- Texte visé : Texte de la commission sur le projet de loi, adopté par le Sénat, après engagement de la procédure accélérée, relatif à la lutte contre les fraudes sociales et fiscales (n°2115)., n° 2250-A0 rectifié
- Stade de lecture : 1ère lecture (2ème assemblée saisie)
- Examiné par : Assemblée nationale (séance publique)
I. – À l’alinéa 15, supprimer les mots :
« , à l’exclusion des finalités mentionnées au 2° de l’article L. 135‑2 du présent code ».
II. – En conséquence, à l’alinéa 39, supprimer les mots :
« , à l’exclusion des finalités mentionnées au 2° de l’article L. 211‑17 du présent code ».
III. – En conséquence, à l’alinéa 70, supprimer les mots :
« , à l’exclusion des finalités mentionnées au 2° de l’article L. 931‑3‑10 du présent code ».
La lutte contre la fraude en matière d’assurance maladie – obligatoire comme complémentaire – est une exigence de justice sociale et de protection de nos biens communs. Chaque euro détourné fragilise l’accès aux soins et affaiblit les ressources de nos solidarités collectives.
Pour autant, cette lutte ne saurait se transformer en suspicion généralisée à l’égard des assurés sociaux ou des professionnels de santé. Elle doit cibler précisément les véritables acteurs problématiques : réseaux organisés, facturations fictives, surfacturations, usurpations d’identité, ou encore certains professionnels indélicats qui instrumentalisent le système à des fins lucratives.
La disposition introduite en commission des affaires sociales (amendement AS231) vise à restreindre les finalités justifiant la levée du secret professionnel. En excluant de fait les échanges liés au tiers payant – qui concerne pourtant environ 95 % des actes et produits dispensés par les pharmaciens et biologistes, et 85 % pour les audioprothésistes et opticiens – elle priverait les organismes compétents d’un levier essentiel pour détecter et documenter les fraudes organisées.
Dans un système où le tiers payant est devenu la norme, empêcher l’accès, dans un cadre strictement encadré, aux pièces nécessaires à la vérification des actes facturés reviendrait à affaiblir les capacités de contrôle face à des montages frauduleux de plus en plus sophistiqués.
Toutefois, cette exigence d’efficacité doit s’accompagner de garanties claires :
- respect strict du principe de minimisation des données ;
- accès limité aux seuls personnels habilités et soumis au secret professionnel ;
- encadrement par la CNIL ;
- traçabilité des accès ;
- évaluation régulière et publication transparente des résultats de la lutte antifraude.

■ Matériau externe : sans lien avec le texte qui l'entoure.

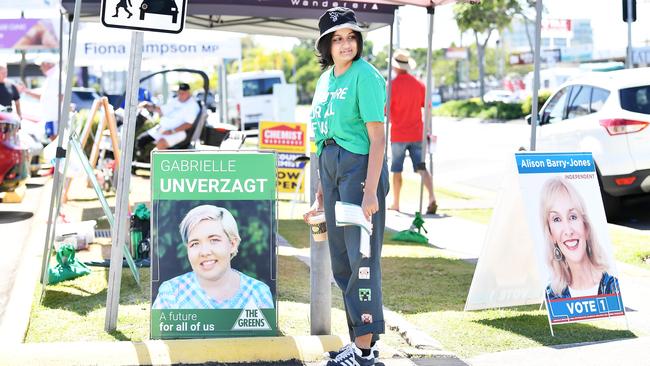 Yashvi Parmar pictured at pre-polling booths in Maroochydore, Queensland. Pictured: Sunshine Coast Daily/Patrick Woods.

- Il est également essentiel de veiller à ce que les coopérations entre acteurs publics et complémentaires santé ne conduisent ni à une privatisation rampante des fonctions de contrôle ni à un affaiblissement des services de la Sécurité sociale. Le pilotage stratégique, la régulation et la protection des données doivent demeurer sous contrôle public.

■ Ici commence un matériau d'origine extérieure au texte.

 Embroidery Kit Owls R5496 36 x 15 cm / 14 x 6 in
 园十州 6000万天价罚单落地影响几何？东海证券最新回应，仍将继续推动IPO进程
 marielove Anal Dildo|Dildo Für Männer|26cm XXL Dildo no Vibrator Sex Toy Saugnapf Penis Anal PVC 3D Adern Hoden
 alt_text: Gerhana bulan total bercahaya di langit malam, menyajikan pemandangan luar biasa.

Enfin, les économies dégagées par une lutte antifraude efficace doivent bénéficier concrètement aux assurés et aux professionnels de santé : amélioration de l’accès aux soins, réduction des restes à charge, soutien à la prévention, renforcement des moyens humains du service public de l’assurance maladie.
Cet amendement de suppression ne vise ni à élargir les finalités des traitements existants ni à créer de nouveaux droits d’accès aux données, mais à garantir que la lutte contre la fraude demeure effective, proportionnée et protectrice de nos solidarités. Il s’inscrit dans une approche du groupe écologiste et social fondée sur la préservation des ressources communes, la transparence démocratique et la justice sociale. Il résulte d’échange avec la Mutualité Française, et d’une proposition de cette dernère avec France Assureurs et le CTIP.